The NAD⁺ cofactor occupies two conformations in the binding site (Figure 5B,C), which is likely due to the high flexibility of the molecule caused by the absence of the hydroxyacyl-CoA ester substrate in the binding pocket. Conformation A is the predominant conformation. The binding of NAD⁺ did not result in a large quaternary structural change. The ligand is bound between two surfaces, α3−α1−α10 and α5−α7−α9, and is in apposition to the β1−β4−β5−β6 sheet. The adenine–ribose moieties of the two NAD⁺ conformations are almost identical, while the diphosphate moieties differ from each other—conformation A points toward α1, and conformation B points away (Figure 5B,C). The adenine nucleotides of the two NAD⁺ conformations are in an anticonformation, and the ribose rings are in the C₂′-endo puckering conformation (Figure 5B,C). The active triad residues are located close to the nicotinamide moiety of NAD⁺ (Figure 5B). In conformation A, the nicotinamide amide moiety is pointing toward the active sites, while in conformation B, the amide is facing away.

Hydrogen bonding interactions (3 Å cutoff) between NAD⁺ and the binding pocket residues were analyzed (Figure 5D). The adenine has strong hydrogen bonding interactions with the side chain of Asp82 and the backbone of Ile83. The nicotinamide ribose moiety in conformation A is in close contact with the catalytic triad residues with Lys185 and Tyr181 forming hydrogen bonds with the O4 and O3 hydroxyl groups and Ser168 forming a hydrogen bond with the amino group. In contrast, in conformation B, only Tyr181 is within 3 Å with the O3 hydroxyl groups of the ribose.

Protein sequence analysis by CoABind²³ identified distinct CoA binding residues/motifs in ChsB1. The predicted CoA binding residues mainly reside in the flexible loops between β4 and α6 and between α8 and α9 (Figure S10). An acetoacetyl-CoA was modeled into the structure of ChsB1 with NAD⁺ based on a cocrystal structure of a ChsB1 homologue (PDB: 4N5M) (Figure S10). The CoA motif in the ligand matches well with the CoA binding residues predicted by CoABind. This observation further validates the utilization of a hydroxyacyl-CoA substrate in the reaction catalyzed by ChsB1.

Discussion

The cholesterol degradation pathway in sterol-utilizing actinomycetes bifurcates at multiple stages through catalysis of duplicative chemistry with different stereochemical outcomes. In the terminal C26 oxidation of cholest-4-en-3-one, Cyp142 and Cyp125 both catalyze stereospecific terminal C26 oxidation, and their products are diastereomers of cholest-4-en-3-one-27-oic acid with opposite stereochemistry at C25 (Scheme 2).^24,25

Scheme 2. Stereochemical Bifurcations in Mtb Cholesterol Metabolism.
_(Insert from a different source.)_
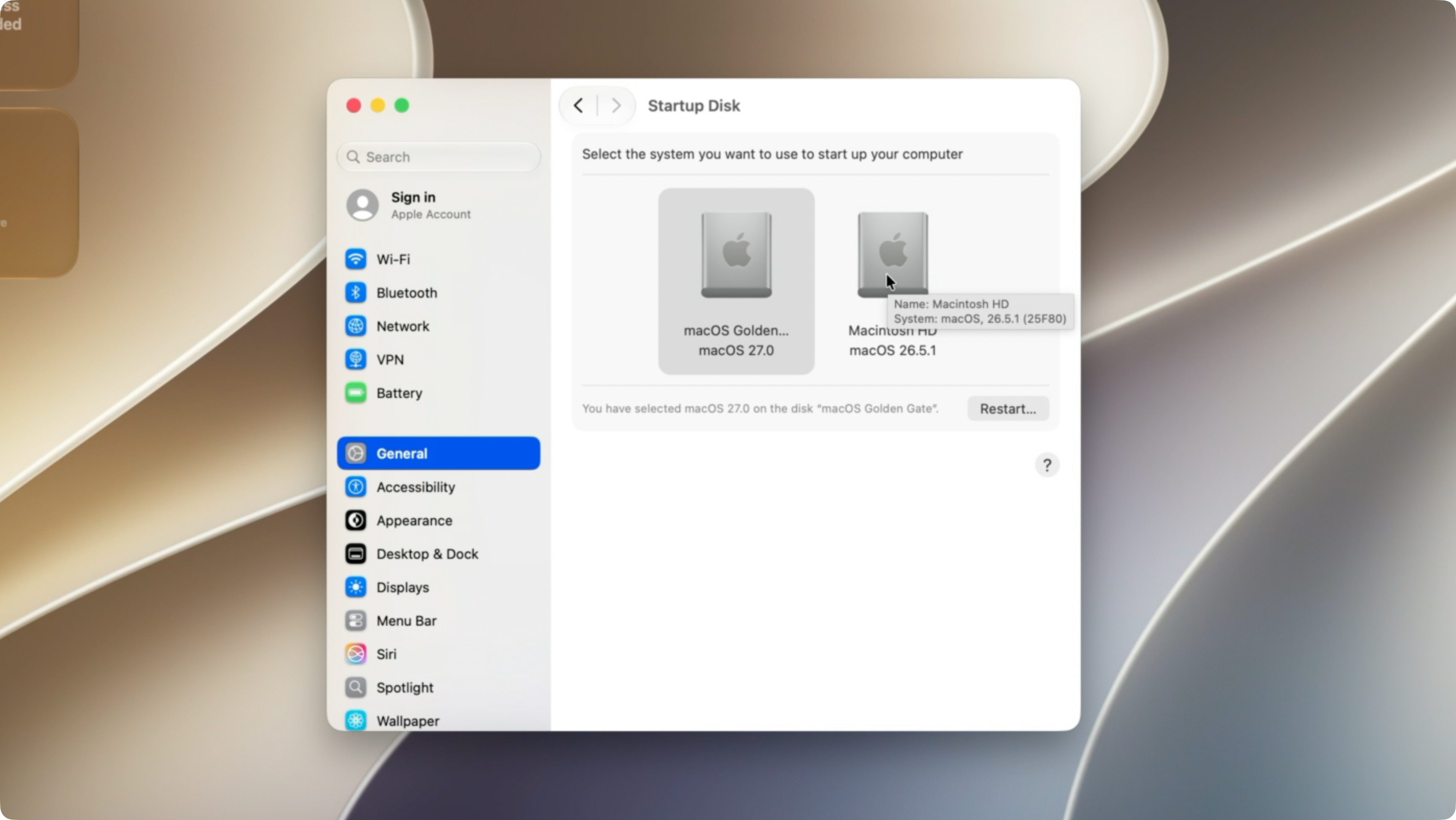 Sélection du disque de démarrage macOS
ChsH3 and EchA19 are hydratases with identical substrate specificities that produce opposite product stereochemistry at C22. Cyp125 and Cyp142 are cytochrome P450 oxidases with identical substrate specificities that produce opposite product stereochemistry at C25.
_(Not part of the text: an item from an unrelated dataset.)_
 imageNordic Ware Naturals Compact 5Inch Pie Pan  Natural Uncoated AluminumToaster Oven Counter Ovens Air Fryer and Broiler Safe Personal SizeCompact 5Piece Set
In the first cycle of side-chain β-oxidation, ChsE4–ChsE5 is stereospecific and catalyzes the dehydrogenation of (25S)-3-OCS-CoA.^26,27 A methyl acyl-CoA racemase, MCR, catalyzes epimerization of the C25 diastereomers of 3-OCS-CoA, which allows metabolic flux of both diastereomers into the cholesterol catabolic pathway (Scheme 2). Alternative fates of the (25R)-3-OCS-CoA are unknown.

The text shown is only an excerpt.